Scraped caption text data
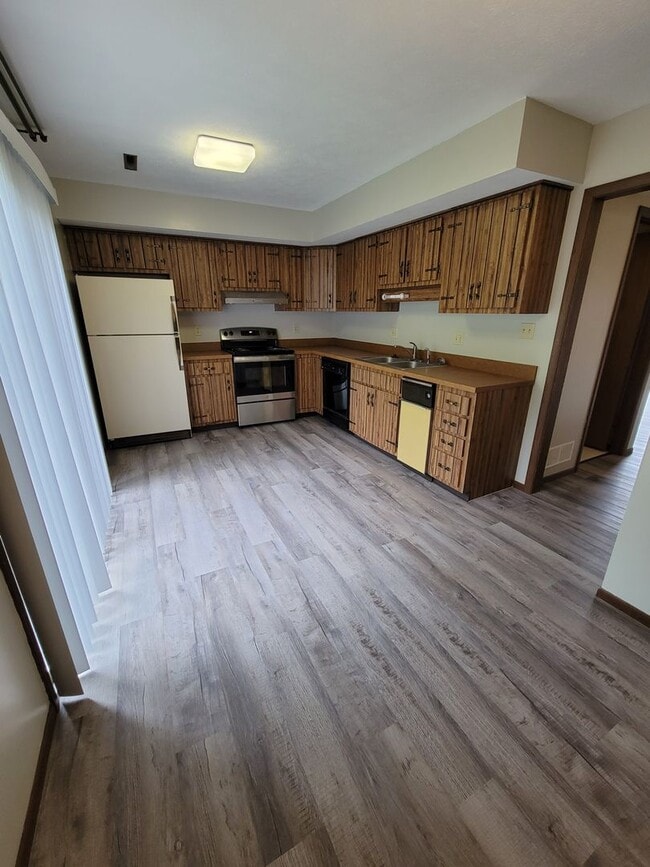 Building Photo - Near Med Center 2 Bedroom, 1.5 Bathroom Townhouse Available 8/5/26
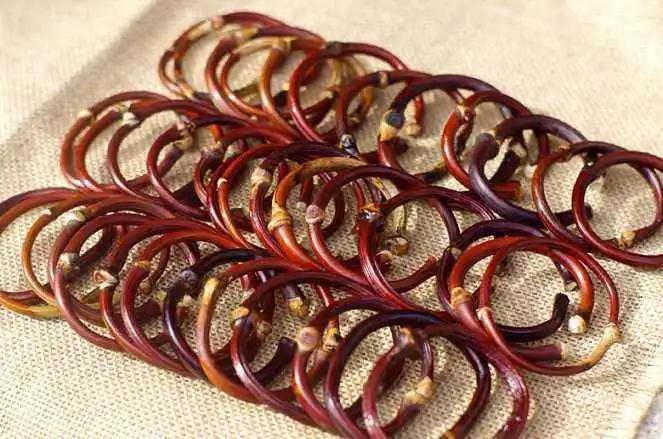 30岁女生适合的气质手镯,20多岁3000至5000元翡翠手镯推荐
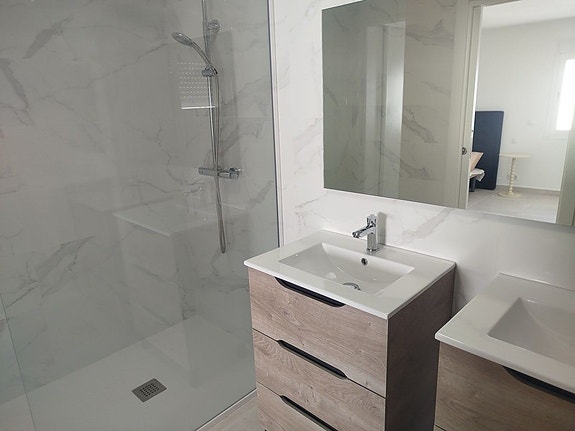 Villa med 4 soverom og separat leilighet - Totalrenovert og innflytningsklar i Campo Mijas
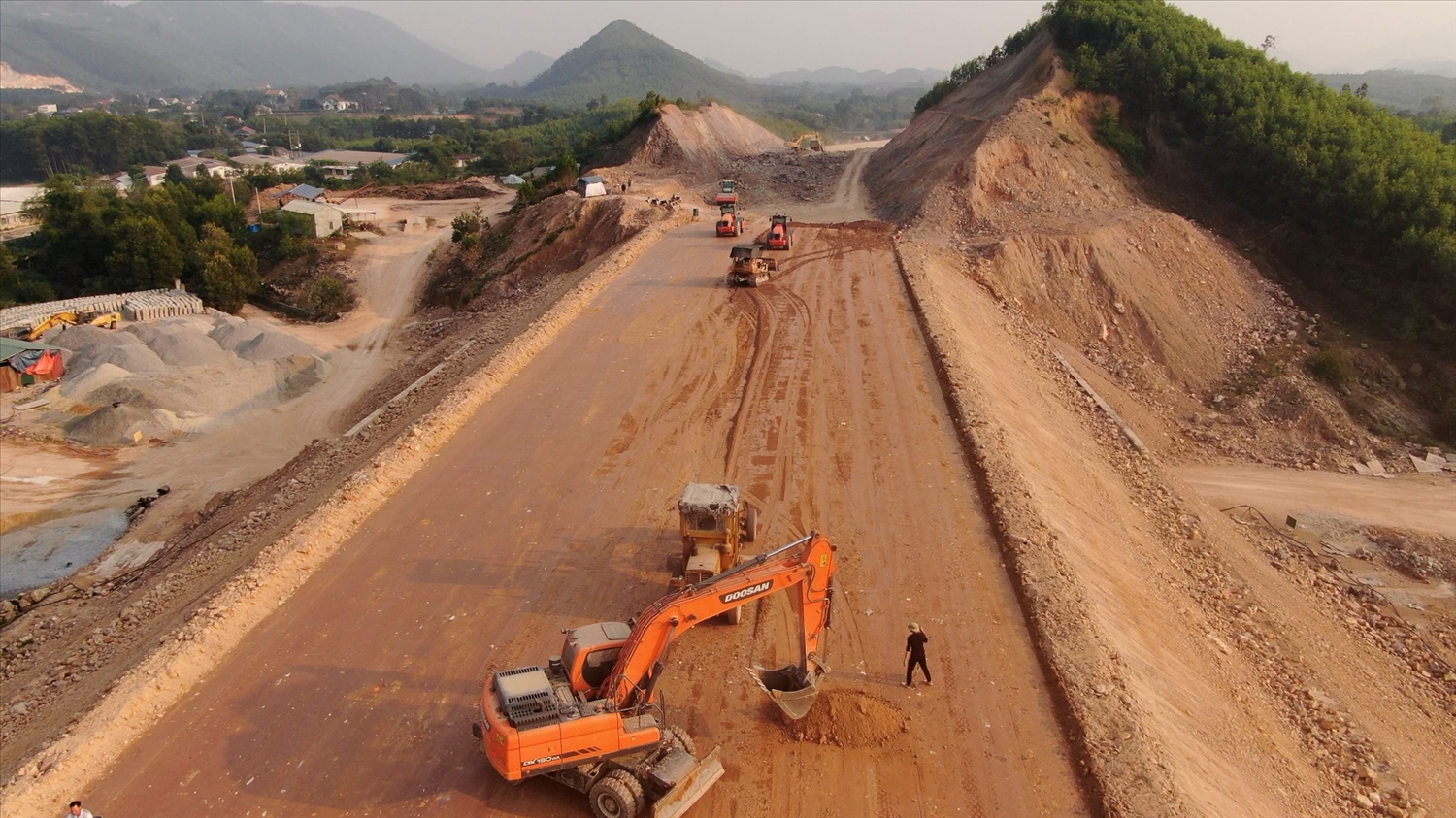 Thái Nguyên dẫn đầu trong nhóm các địa phương có tỷ lệ giải ngân vốn đầu tư công cao hơn tỷ lệ giải ngân bình quân chung của cả nước.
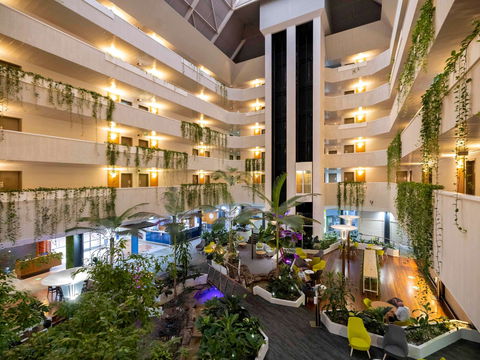 Novotel Darwin Atrium - Tourism Brisbane 2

Your task: Your reply should consist only of the lines running from the line with "Thái Nguyên dẫn" to the end of the entries, both included, copied exactly and without any pictures.

Answer for this exercise:
 Thái Nguyên dẫn đầu trong nhóm các địa phương có tỷ lệ giải ngân vốn đầu tư công cao hơn tỷ lệ giải ngân bình quân chung của cả nước.
 Novotel Darwin Atrium - Tourism Brisbane 2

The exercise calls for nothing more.